Gordon Ramsay’s broccoli soup is bright green, velvety and made from one ingredient: broccoli boiled in salted water for three and a half minutes, then blended with the cooking liquid. No stock, no cream, no onion. He calls it “easy beyond belief” and it’s ready in 10 minutes.
This comes from Make It Easy and his famous YouTube video where he made it against a chef who used 20 ingredients. Ramsay’s version used three: broccoli, water, salt. The cooking water IS the stock, because all the broccoli flavour ends up in it.
The two things he’s strict about: use rapidly boiling water because that keeps the colour dark green, and blend while the broccoli is still piping hot.

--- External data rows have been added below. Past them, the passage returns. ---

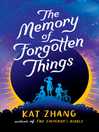 Cover image for The Memory of Forgotten Things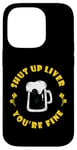 Coque pour iPhone 14 Pro Boire de la bière Saint Patrick's Shut Up Foie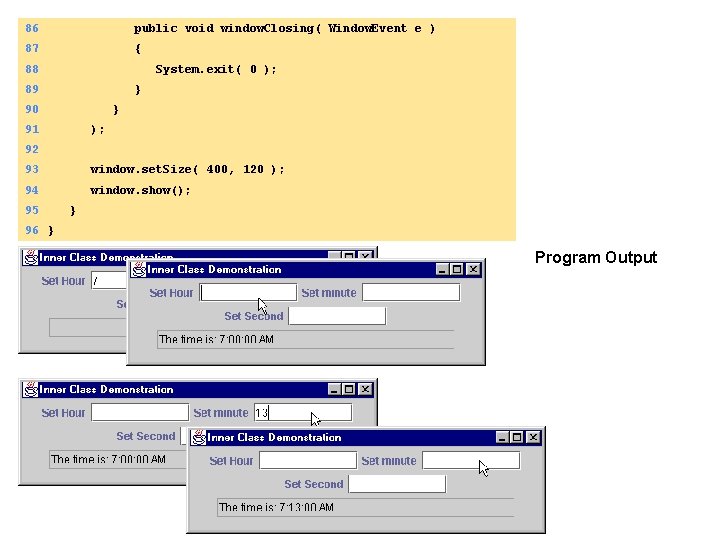 86 public void window. Closing( Window. Event e ) 87 { 88 System. exit(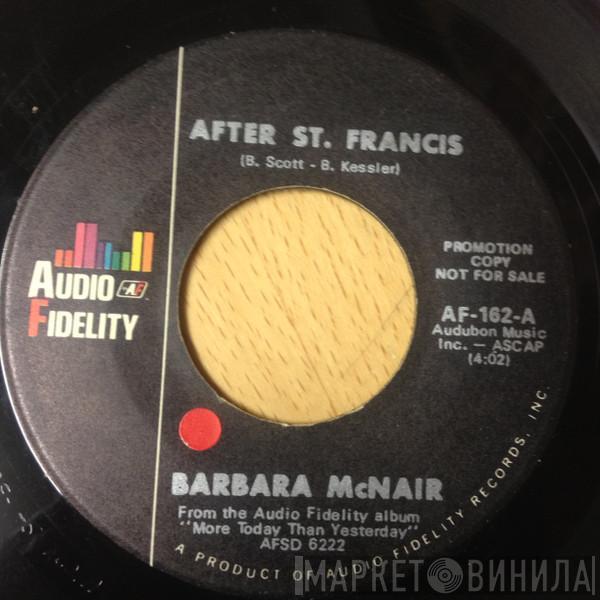 Barbara McNair - After St. Francis / I Can Tell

If you let it cool first it goes grainy and lumpy, and you lose that smooth velvety texture.
Gordon Ramsay’s Broccoli Soup
Course: Soup, Starter4
5
minutes5
minutes195
kcal10
minutesEasy
Gordon Ramsay’s one-ingredient broccoli soup from Make It Easy. Florets boiled for three and a half minutes in rapidly boiling salted water, blended hot with the cooking liquid, then topped with mature goat’s cheese and toasted walnuts. About £5 to make, ready in 10 minutes.
Ingredients
1kg (2.2 lb) broccoli, dark green with tightly packed florets
800ml (3½ cups) water
Sea salt and black pepper
4 slices mature ash-rolled goat’s cheese
50g (2 oz) walnuts, lightly toasted
Extra virgin olive oil, to drizzle
Directions
- Cut the florets: Hold the broccoli by the stalk and cut around it to remove the florets. Discard the woody stalks. Look for dark green, tightly closed heads that aren’t flowering.
- Boil fast: Bring 800ml of water to a rapid boil. Season the water with salt before adding the broccoli. Drop the florets in, season again on top, then put the lid on. The lid brings the water back to the boil quickly, which keeps the colour dark.
- Cook for exactly 3½ to 4 minutes: Run a knife through a floret to check. If it goes through easily, it’s done. Don’t go past 4 minutes or the colour turns grey. Drain into a colander set over a bowl to catch the cooking liquid.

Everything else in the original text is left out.